YOUR ASSIGNMENT.
Pull every line with "Thank" from the material.

SUPPLIED DATA.
________________________
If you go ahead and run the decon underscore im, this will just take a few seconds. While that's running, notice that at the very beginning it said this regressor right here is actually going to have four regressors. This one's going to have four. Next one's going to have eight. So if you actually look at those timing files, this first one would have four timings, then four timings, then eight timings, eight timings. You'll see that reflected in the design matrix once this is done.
________________________
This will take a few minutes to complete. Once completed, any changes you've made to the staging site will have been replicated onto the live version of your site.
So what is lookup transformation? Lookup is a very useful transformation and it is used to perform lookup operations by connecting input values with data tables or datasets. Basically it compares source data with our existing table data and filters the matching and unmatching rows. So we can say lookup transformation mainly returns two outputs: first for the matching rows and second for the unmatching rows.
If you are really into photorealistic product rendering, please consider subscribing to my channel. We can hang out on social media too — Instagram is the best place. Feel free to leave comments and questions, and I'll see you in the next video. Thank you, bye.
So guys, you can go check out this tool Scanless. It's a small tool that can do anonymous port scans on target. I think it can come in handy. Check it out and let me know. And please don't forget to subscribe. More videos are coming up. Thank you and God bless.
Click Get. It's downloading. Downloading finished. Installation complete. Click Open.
________________________
TASK RESULT.
If you are really into photorealistic product rendering, please consider subscribing to my channel. We can hang out on social media too — Instagram is the best place. Feel free to leave comments and questions, and I'll see you in the next video. Thank you, bye.
So guys, you can go check out this tool Scanless. It's a small tool that can do anonymous port scans on target. I think it can come in handy. Check it out and let me know. And please don't forget to subscribe. More videos are coming up. Thank you and God bless.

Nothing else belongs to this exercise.